* _EXERCISE_
Write the lines out again, from the top of the material to the line containing "岩崎大昇、永瀬莉子(C)椎葉ナナ/集英社・NTV・J Storm", pictures excluded.

* _SUPPLIED RECORDS_
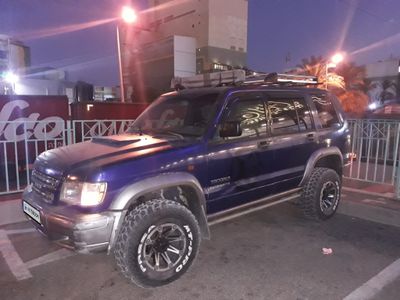 Isuzu Trooper 2nd hand, 2002, private hand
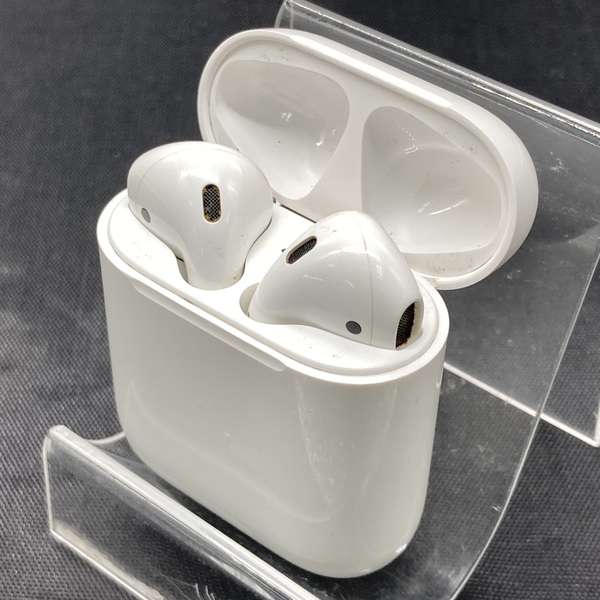 Apple アップル 【中古】AirPods with Charging Case MV7N2J/A【日本橋】 / e☆イヤホン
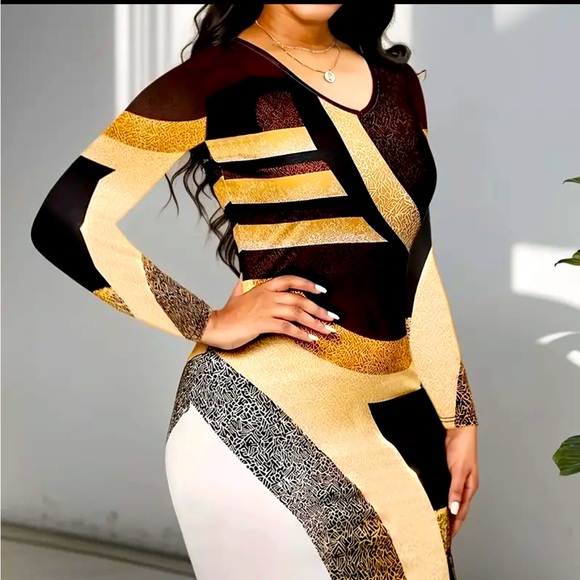 NWOT Elegant Bodycon Midi Tank V-Neck Dress 🌹 - Picture 2 of 5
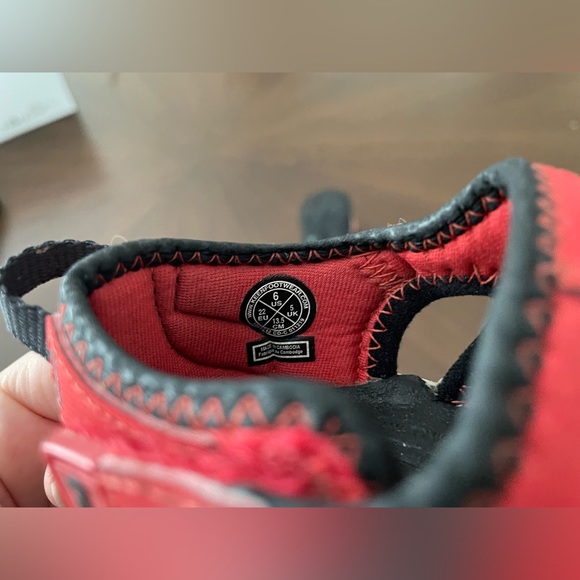 KEEN Stingray Water Shoes Toddler - Size 6 - Picture 2 of 4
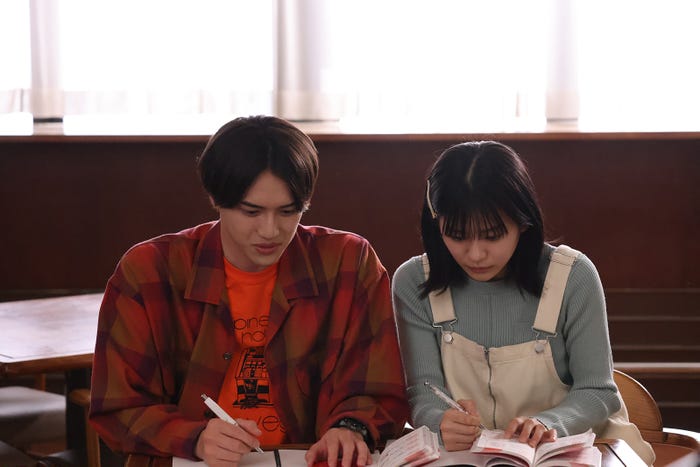 岩崎大昇、永瀬莉子(C)椎葉ナナ/集英社・NTV・J Storm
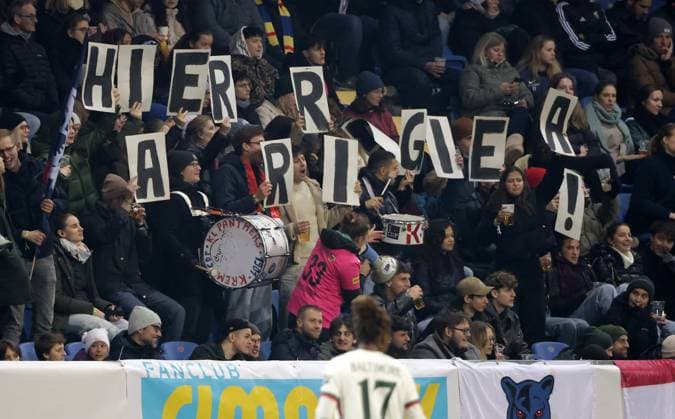 SOCCER - WCL, St.Poelten vs Chelsea SANKT POELTEN,AUSTRIA,11.NOV.25 - SOCCER - UEFA Women s Champions League, SKN Sankt Poelten vs Chelsea FC. Image shows fans of St.Poelten.  GEPAxpictures xWalterxLuger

* _OUTPUT OF THE EXERCISE_
 Isuzu Trooper 2nd hand, 2002, private hand
 Apple アップル 【中古】AirPods with Charging Case MV7N2J/A【日本橋】 / e☆イヤホン
 NWOT Elegant Bodycon Midi Tank V-Neck Dress 🌹 - Picture 2 of 5
 KEEN Stingray Water Shoes Toddler - Size 6 - Picture 2 of 4
 岩崎大昇、永瀬莉子(C)椎葉ナナ/集英社・NTV・J Storm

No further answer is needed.